Becky Nevin


home
machine learning research
galaxy research
resume and cv
science communication
talks
stickers
about me

DeepUQ: Testing the fidelity of uncertainty predictions from machine learning methods

With great machine learning power comes great responsibility. One of my roles in the Deepskies group is to develop and test tools for benchmarking and assessing uncertainty predictions from machine learning methods.

I work with mean variance estimation and deep evidential regression networks to quantify epistemic and aleatoric uncertainty.

Since this is an emergent field in deep learning, a significant portion of this project involves developing a framework to assess these types of uncertainty. For example, we expect the contribution from epistemic uncertainty to decrease with epoch as the model learns to predict the true values. Below I show the results when we inject the data with $\sigma=10$ noise and train a Deep Ensemble of mean variance estimation networks to predict a linear regression ($y = mx+b+\sigma$).

DeepUQ Github


DeepDiagnostics: Assessing the quality of inference

I created DeepDiagnostics, which is a software package for diagnosing the quality of inference for different inference techniques, ranging from likelihood-based techniques such as MCMC to simulation-based inference. Simulation-based inference is an ML-enabled technique to accelerate traditionally computationally expensive inference approaches. It achieves this speed up by approximating the likelihood using a normalizing flow or similar generative technique.

Since the Deepskies lab has experience in SBI, I designed DeepDiagnostics to work in concert with mackelab's sbi software.

It includes utilities that handle data generation, saving, and lookup, as well as evaluation and plotting utilities for flexible corner plots (below) and evaluation techniques such as coverage fraction (below):

DeepDiagnostics Github, now pip installable!

See also, the SBI tutorial notebooks with accompanying diagnostics created by myself and Jason Poh: colab notebook for strong lens SBI and colab notebook for linear regression as well as the slides from an SBI tutorial talk I gave at a physics winter school.


DeepBench: Flexible benchmark datasets for machine learning research

In order to evaluate the performance of ML tools for inference, I rely upon benchmark datasets. In Deepskies lab, we have developed our own benchmark utilities (DeepBench), which produces simple astrophysical objects in a flexible framework that allows the user to control the noise properties. Using simple tools like a pendulum with stochastic noise, I am creating a methodology for comparing the bias and uncertainty in parameter estimation from various inference techniques.
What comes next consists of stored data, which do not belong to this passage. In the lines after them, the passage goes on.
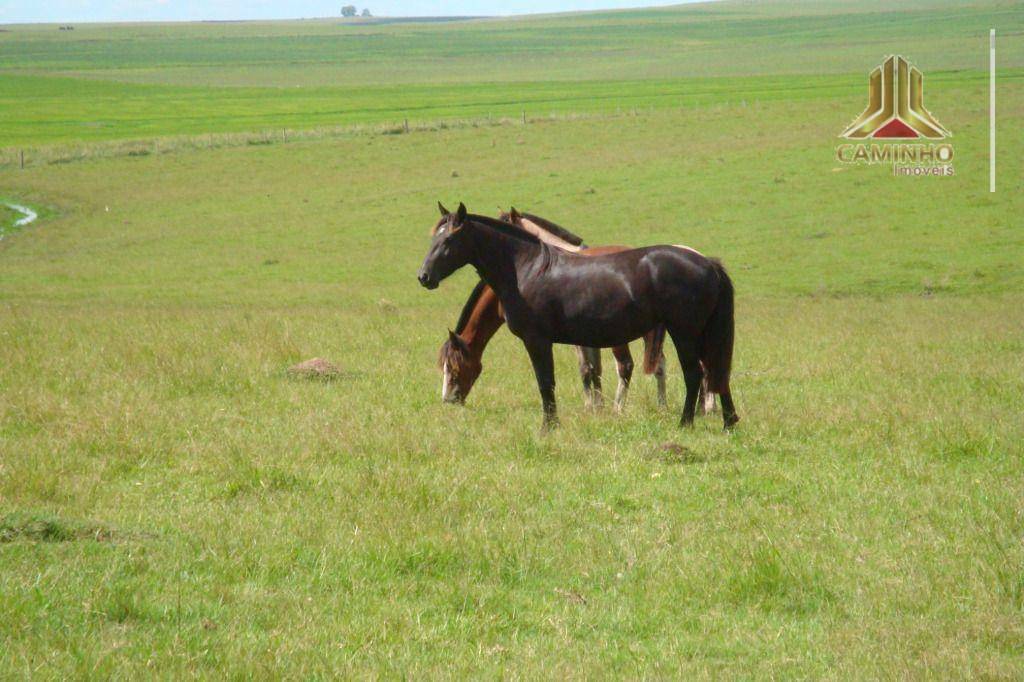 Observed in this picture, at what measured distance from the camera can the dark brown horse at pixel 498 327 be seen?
11062 mm

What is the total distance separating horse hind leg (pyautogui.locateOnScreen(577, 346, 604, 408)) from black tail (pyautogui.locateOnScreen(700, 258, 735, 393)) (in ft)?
4.82

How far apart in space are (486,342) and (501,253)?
1389 millimetres

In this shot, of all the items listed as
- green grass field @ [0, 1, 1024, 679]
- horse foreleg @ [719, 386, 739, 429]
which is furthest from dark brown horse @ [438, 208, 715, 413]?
horse foreleg @ [719, 386, 739, 429]

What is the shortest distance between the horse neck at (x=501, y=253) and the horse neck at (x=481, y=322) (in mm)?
1250

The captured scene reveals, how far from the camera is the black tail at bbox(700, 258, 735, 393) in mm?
9773

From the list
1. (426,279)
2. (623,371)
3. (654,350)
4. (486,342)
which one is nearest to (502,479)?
(426,279)

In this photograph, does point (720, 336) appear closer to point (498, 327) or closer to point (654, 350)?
point (654, 350)

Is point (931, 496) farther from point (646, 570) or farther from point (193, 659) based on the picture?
point (193, 659)

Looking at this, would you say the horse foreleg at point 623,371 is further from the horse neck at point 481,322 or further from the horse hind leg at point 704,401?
the horse neck at point 481,322

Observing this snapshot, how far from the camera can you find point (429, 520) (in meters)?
6.84

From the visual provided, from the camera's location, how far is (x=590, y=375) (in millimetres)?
11422

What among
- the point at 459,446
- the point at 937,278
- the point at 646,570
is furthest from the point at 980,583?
the point at 937,278

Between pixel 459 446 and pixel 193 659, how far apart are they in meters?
4.40

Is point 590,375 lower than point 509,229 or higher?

This type of simple dataset also allows me to experiment with comparing hierarchical to non-hierarchical inference paradigms (below).

DeepBench Github


Hierarchical Bayesian inference and simulation based inference (SBI)

Hierarchical inference is an important tool for estimating parameters of individual data units as well as global parameters. This is especially relevant to estimating cosmological parameters, for instance in the case of multiple strong lenses in an all sky imaging survey; the goal is to estimate the individual lens parameters as well as global cosmological parameters.

Using the above uncertainty framework and DeepBench tools coupled with numpyro, I compare various state-of-the-art inference techniques such as hierarchical inference (sampling) and simulation based inference.

^Using the benchmark pendulum dataset to compare the performance of hierarchical sampling and SBI.

Here's a link to a Google colab notebook example of running Bayesian inference on a simple linear fit using the Hamiltonian Monte Carlo capabilities of numpyro.


Harnessing machine learning to improve Chandra HRC

I worked closely with Chandra leadership to develop a machine learning framework, EVE, to distinguish between real X-ray events and background events (such as cosmic rays). An improved background identification technique is highly valued by the X-ray community, as it would greatly improve the S/N of future and archival Chandra observations. However, this is a huge challenge, as X-ray events are highly multi-dimensional (i.e., each event has information about the time of arrival, position, and energy) and we lack labelled synthetic data.

With EVE, I pursued multi-pronged approach for background classification, using multiple options for machine learning algorithms such as a supervised random forest and a semi-supervised bagging classifier that learns from X-ray observations on the fly. The figure above shows an example of the semi-supervised technique assigning probability values to events.